> [Description of the task]: In the listing below, find each line containing "Black" and report it.

> [Input]:
^^^^^^^^^^^^^^^^

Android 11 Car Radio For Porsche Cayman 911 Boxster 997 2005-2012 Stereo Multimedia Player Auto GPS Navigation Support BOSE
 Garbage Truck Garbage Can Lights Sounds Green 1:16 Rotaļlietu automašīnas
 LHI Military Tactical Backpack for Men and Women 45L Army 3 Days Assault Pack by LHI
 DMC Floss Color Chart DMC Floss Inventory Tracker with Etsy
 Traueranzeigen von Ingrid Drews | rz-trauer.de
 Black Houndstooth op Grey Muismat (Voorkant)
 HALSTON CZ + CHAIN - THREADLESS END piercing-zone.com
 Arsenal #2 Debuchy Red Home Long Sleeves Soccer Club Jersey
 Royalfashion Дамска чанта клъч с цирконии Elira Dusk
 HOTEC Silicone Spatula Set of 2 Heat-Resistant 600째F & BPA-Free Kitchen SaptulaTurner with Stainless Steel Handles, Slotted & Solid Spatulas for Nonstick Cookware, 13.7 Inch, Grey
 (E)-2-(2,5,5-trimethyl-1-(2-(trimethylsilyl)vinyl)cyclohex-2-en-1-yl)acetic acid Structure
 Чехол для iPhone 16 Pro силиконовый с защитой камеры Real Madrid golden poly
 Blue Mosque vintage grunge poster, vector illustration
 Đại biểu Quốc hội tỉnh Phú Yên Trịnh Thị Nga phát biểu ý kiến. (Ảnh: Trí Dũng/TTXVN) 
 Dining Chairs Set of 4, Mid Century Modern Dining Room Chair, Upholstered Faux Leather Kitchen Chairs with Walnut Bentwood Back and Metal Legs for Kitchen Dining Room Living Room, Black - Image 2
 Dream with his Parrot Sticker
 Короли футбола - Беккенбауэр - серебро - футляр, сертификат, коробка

^^^^^^^^^^^^^^^^

> [Exercise output]:
 Black Houndstooth op Grey Muismat (Voorkant)
 Dining Chairs Set of 4, Mid Century Modern Dining Room Chair, Upholstered Faux Leather Kitchen Chairs with Walnut Bentwood Back and Metal Legs for Kitchen Dining Room Living Room, Black - Image 2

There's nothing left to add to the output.